Progress has been so substantial that a report by the Swedish Research
Institute of Trade found US African-American median incomes to the
overall Swedish median (average Swedish income is at approximately the
same the Western European average).

It is thus true that the more affluent have gained more than the less
affluent. However, the principal point is that all, including the poor,
have gained. There is often a tendency to think of poverty in relative
terms, such as the income of the lowest-income quintile compared to the
highest. However, this is a mistake. If, for example, poverty is
defined as having an income in the bottom 10 percent, the poverty can
never be eradicated. Relative poverty indicators are as inappropriate
as they are rooted in envy. What is important is not how much
low-income households have in relation to rich households; it is
whether they have enough to live a comfortable life.

Thus for example, the United States defines poverty in terms of a
standard of living, not in terms of envy. It would, of course, be
desirable for all households to prosper to the same extent as the most
affluent. However, despite considerable attempts under socialist, mixed
and free market economies, income equality has not been achieved.
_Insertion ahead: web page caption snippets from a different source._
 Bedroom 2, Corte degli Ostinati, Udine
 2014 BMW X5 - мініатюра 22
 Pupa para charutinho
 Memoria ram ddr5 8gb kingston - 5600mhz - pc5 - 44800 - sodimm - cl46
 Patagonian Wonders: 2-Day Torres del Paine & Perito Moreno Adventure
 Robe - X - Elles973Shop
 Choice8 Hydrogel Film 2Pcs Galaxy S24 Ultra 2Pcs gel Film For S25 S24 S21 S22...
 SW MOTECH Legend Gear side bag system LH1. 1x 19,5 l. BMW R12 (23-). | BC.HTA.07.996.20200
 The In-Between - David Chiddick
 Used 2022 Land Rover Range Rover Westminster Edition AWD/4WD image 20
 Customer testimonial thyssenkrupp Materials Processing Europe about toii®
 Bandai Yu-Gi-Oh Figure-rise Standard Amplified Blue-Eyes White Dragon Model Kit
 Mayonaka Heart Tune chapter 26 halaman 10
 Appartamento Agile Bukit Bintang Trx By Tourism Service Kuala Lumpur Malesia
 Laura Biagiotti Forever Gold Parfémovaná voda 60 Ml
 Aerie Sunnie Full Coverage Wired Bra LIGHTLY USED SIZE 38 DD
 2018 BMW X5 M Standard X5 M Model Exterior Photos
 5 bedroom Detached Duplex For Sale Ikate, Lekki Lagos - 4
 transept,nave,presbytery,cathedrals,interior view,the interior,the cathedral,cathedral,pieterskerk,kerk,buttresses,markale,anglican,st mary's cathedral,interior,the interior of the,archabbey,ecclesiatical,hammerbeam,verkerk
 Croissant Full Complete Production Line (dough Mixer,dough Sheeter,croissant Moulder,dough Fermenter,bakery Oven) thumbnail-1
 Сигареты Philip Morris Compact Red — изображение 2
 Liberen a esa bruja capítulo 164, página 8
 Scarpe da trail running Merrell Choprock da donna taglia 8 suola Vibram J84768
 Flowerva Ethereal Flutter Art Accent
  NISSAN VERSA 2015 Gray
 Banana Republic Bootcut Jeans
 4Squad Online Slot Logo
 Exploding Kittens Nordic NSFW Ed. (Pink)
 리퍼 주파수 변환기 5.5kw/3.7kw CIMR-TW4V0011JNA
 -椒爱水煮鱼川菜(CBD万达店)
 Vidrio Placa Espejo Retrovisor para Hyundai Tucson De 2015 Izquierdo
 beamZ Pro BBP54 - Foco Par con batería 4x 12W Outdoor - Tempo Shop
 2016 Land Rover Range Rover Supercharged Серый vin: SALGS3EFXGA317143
No economic system has yet been identified that can substantially
reduce income inequality without reducing even more the income of the
lowest income households. That is why policies that improve the
absolute incomes of low-income households are preferable to envy based
relative measures. Joseph Schumpeter expressed the purpose of a free
market economic system with respect to income distribution:

The capitalist achievement does not typically consist in providing more
silk stockings for queens, but in bringing them within the reach of
factory girls in return for steadily decreasing amounts of effort
High-income nations have different policies that seek to improve
incomes among the least affluent. Western European nations tend to have
larger social welfare systems and higher rates of long-term
unemployment, which they accept in return for less economic growth and
affluence. In the United States, the policy priority is employment and
economic growth. Most people live well both in Western Europe and the
United States. Further, low-income households in the United States and
Western Europe live better than average households in most
middle-income and virtually all low-income nations. The most reliable
road to greater affluence for all, including low-income households, is
strong economic growth.
Moreover, Harvard's Benjamin Friedman suggests in a recent book that
economic growth is more than desirable, but also necessary for longer
term social cohesion.

International and western economic analysis would do well to end its
unhealthy affection for the politics of envy.